When someone at an interview says, "Tell me about yourself", do you wish you could kick things off in an impressive, memorable way?
Then you are in the right place. I geek out about developing ways to fix these communication problems, especially for women rising up in the workforce.
I know how nerve-wrecking and overwhelming it is to prepare and get through an interview or record an introduction video about ourselves. This becomes double the challenge for those of us more socially anxious, sensitive/empathic, or introverted types.
I often see inaccurate, damaging guidance of how we are suppose to show up when presenting ourselves. Much of it encourages saying or doing things that don't feel like the real us. Fortunately, many types of businesses and self-employed people are realizing that holding back who we truly in an interview leads to disaster in the long term.
Sharing only one dimension of ourselves or leaving out too much about what we value hinders how we represent ourselves. It also won't get us remembered and allow us to attract work we deeply enjoy.

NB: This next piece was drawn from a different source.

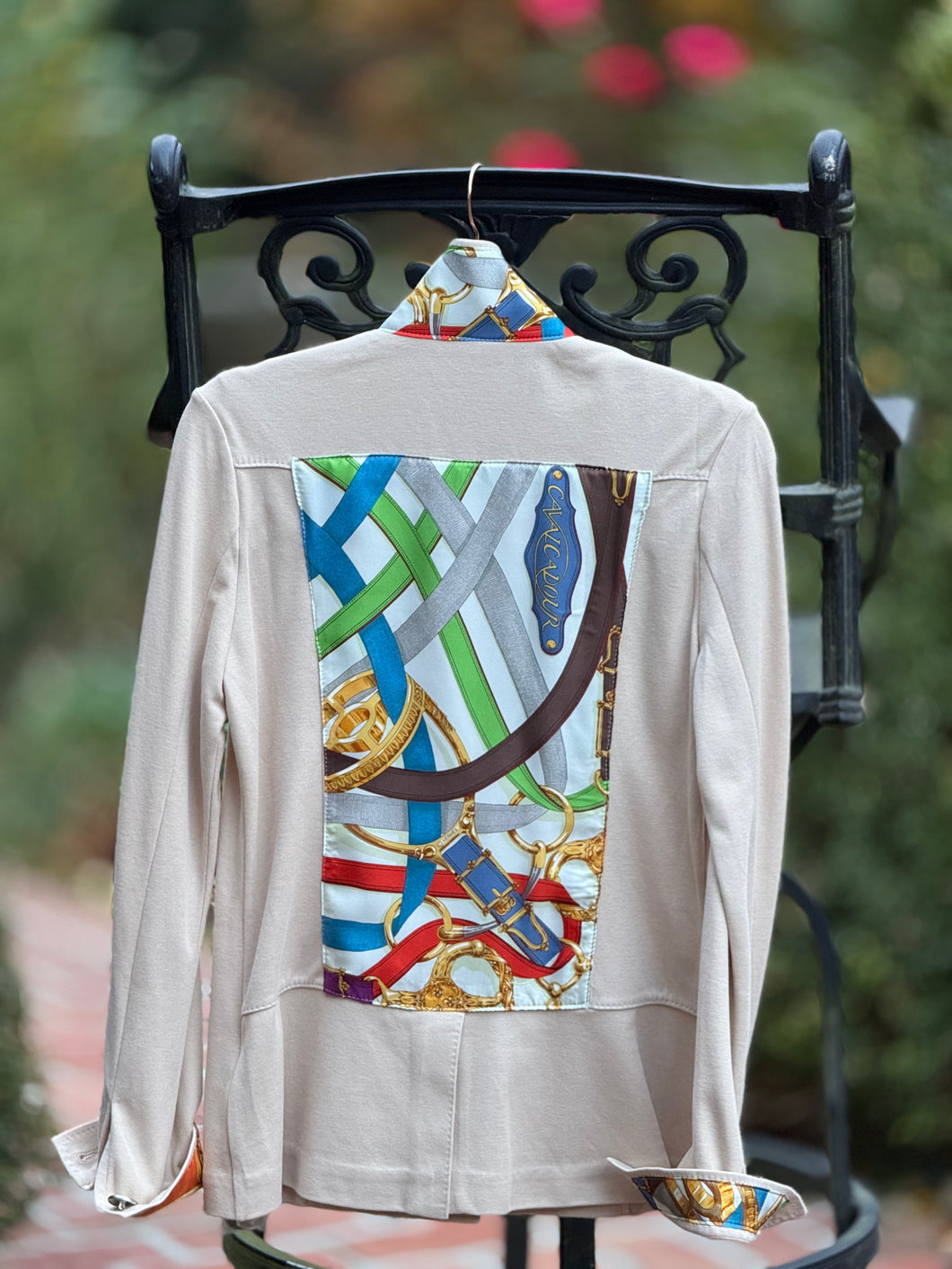 Belted CAL blazer II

Instead, keep this "ACE" strategy and infographic up your sleeve (or on your smart phone) for next time you want to engage others in what you offer.
A = Authentic
Have you noticed it is way too easy to find out what we are "suppose" to say in an interview with an internet search?
Since there is SO much advice on do's and don'ts, all kinds of imposter syndrome or other feelings of not being good enough can start to grow inside us. I still sometimes fall into this trap, even with my background managing employment centers, getting degrees in Communication and Counseling, and creating successful, highly attended workshops about upgrading interview skills.
Each time we follow an overly used template or rely too much on a cookie-cutter answer from somebody else, it blocks our authenticity. Since the communication isn't customized to our unique background, we are often doing more damage than good.
Synonyms for "authentic" include genuine, believable, and fully trustworthy. These are characteristics that behavioral science shows us time and again we are judging each other on, often within the first few seconds of meeting or seeing a person on video.
Strengthening our message of professional value goes faster with one-to-one coaching where you gain actionable tips and feedback. But everyone can start by reflecting on these two questions:
Am I 100% clear about what I value, how I work best, and who I enjoy working with?
Do I believe fully in what I am bringing to the opportunity (or in the service, product, or other offering that I provide?)
By reflecting on these questions, you will help ensure that your communication comes across as genuinely YOU. How much you believe in yourself and what is important to YOU is as unique as your fingerprint. Neither is something you can fake-it-until-you-make-it or borrow from someone else if you want to come across authentically.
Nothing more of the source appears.